> [DIRECTIONS]:
Using the listing below, give again exactly the lines from the line with "tainaa__santtos" to the line with "parasol-automatyczny-o100-cm-limoges-520009-standard_2.jpg", inclusive, without the pictures.

> [RECORDED DATA]:
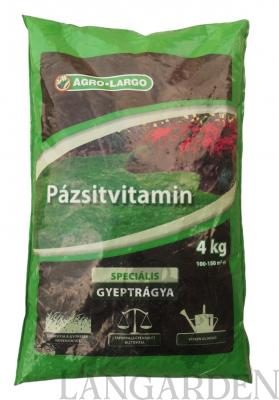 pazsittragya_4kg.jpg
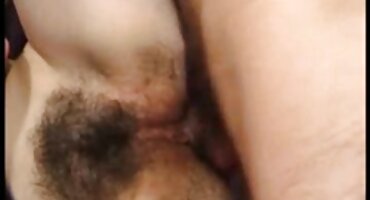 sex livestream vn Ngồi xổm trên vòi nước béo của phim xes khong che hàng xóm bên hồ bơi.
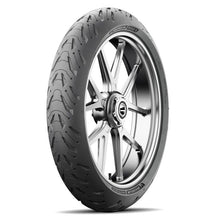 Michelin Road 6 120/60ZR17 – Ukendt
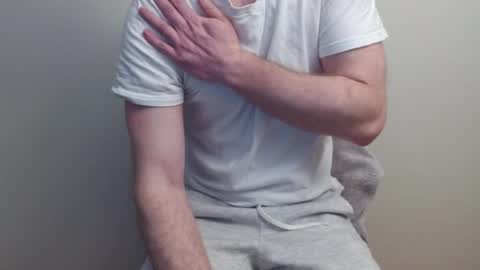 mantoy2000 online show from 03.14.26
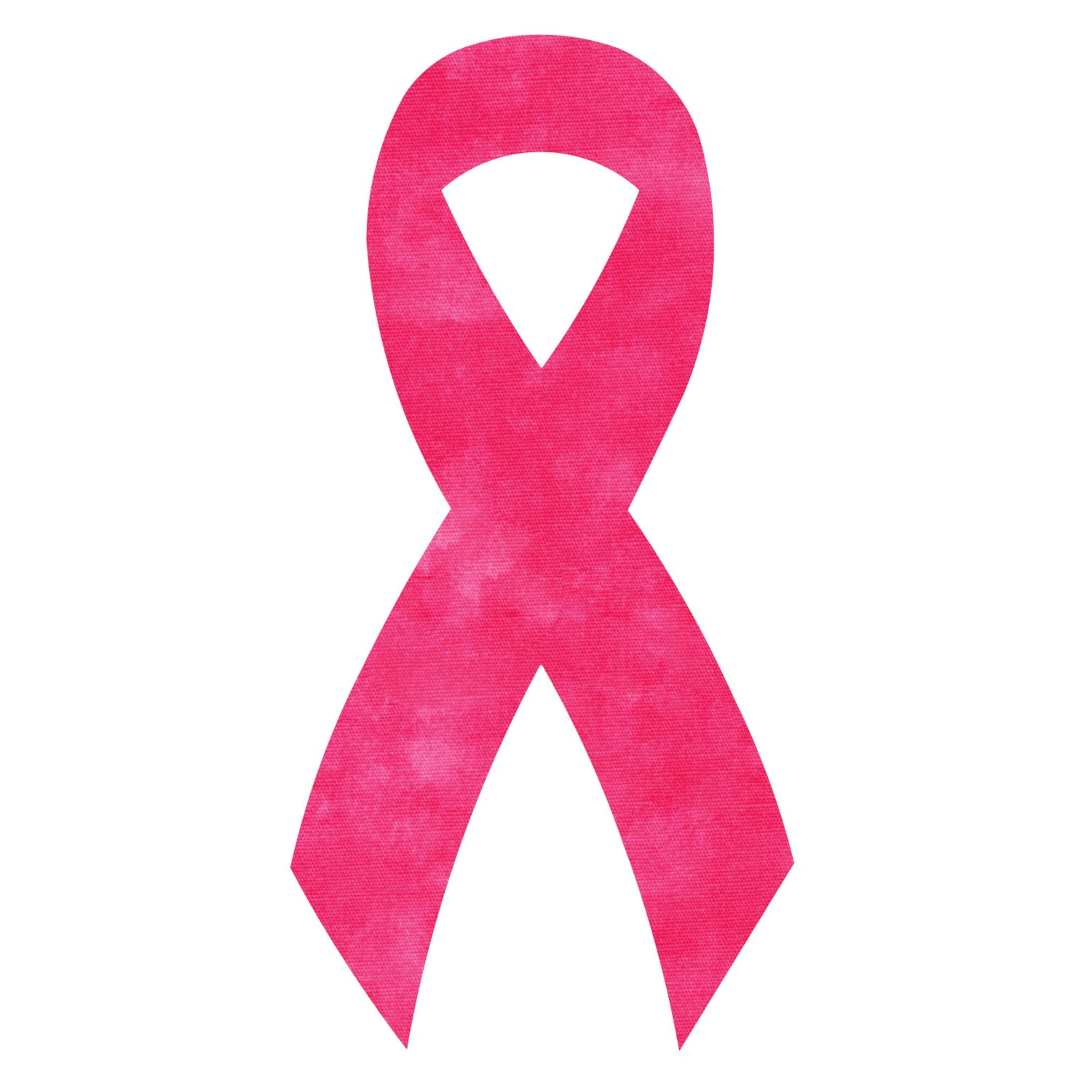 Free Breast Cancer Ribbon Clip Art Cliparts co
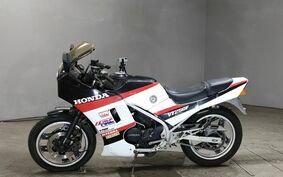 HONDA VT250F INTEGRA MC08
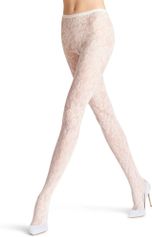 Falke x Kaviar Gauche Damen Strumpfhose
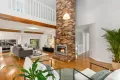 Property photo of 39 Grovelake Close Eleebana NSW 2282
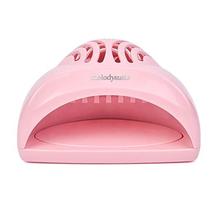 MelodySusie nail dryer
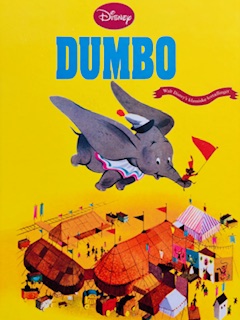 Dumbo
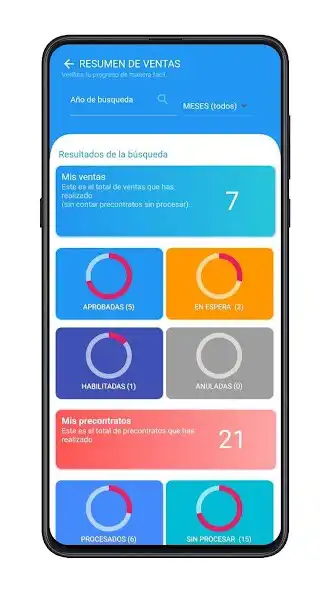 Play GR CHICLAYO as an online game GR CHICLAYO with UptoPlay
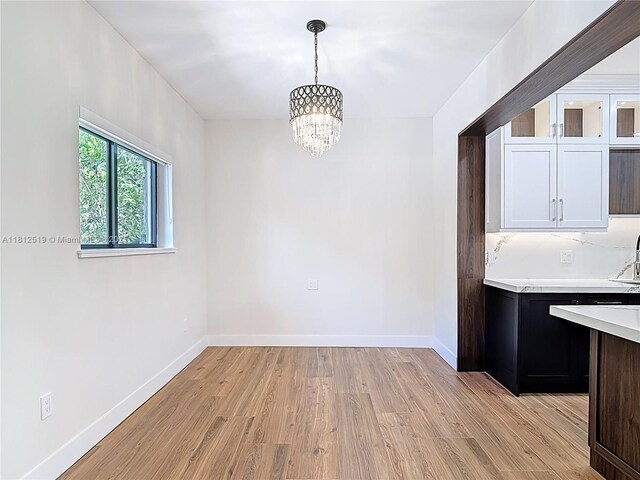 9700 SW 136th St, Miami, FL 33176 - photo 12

...

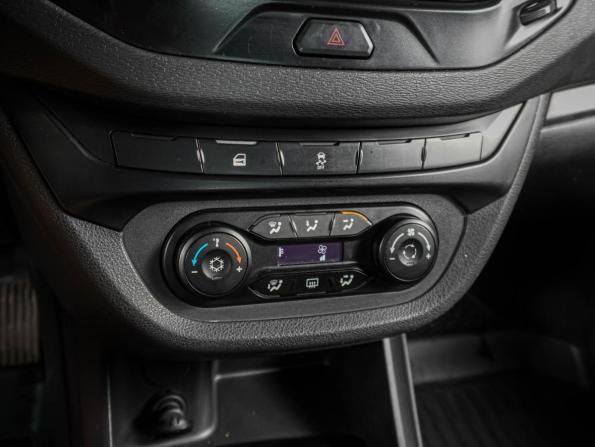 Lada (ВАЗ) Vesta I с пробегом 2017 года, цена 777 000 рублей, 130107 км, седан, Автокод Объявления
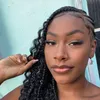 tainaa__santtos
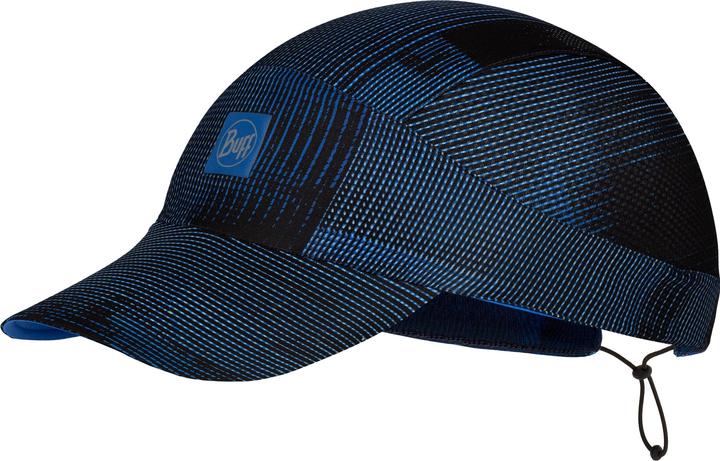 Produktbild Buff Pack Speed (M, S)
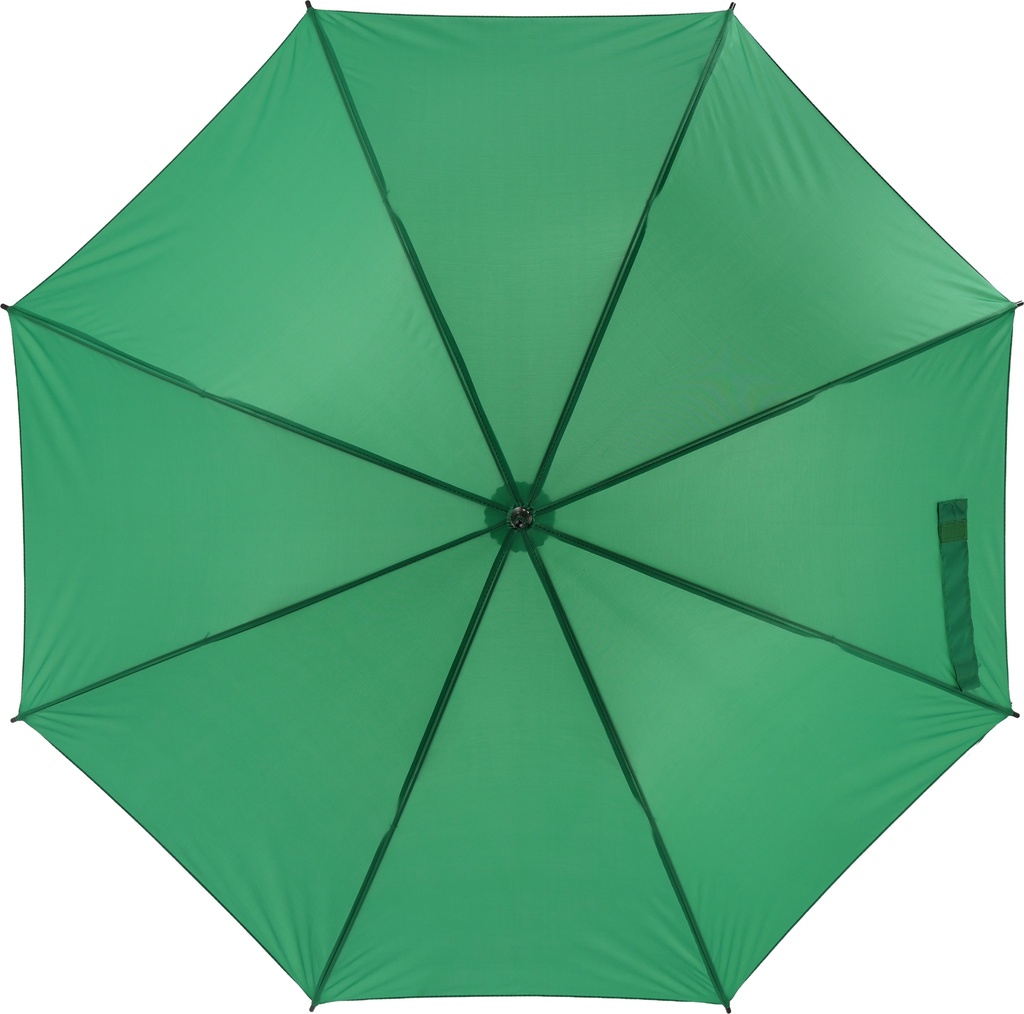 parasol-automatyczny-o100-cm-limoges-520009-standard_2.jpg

==

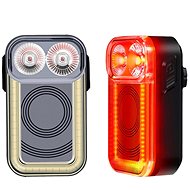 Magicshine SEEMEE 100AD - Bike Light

> [RESPONSE AREA]:
 tainaa__santtos
 Produktbild Buff Pack Speed (M, S)
 parasol-automatyczny-o100-cm-limoges-520009-standard_2.jpg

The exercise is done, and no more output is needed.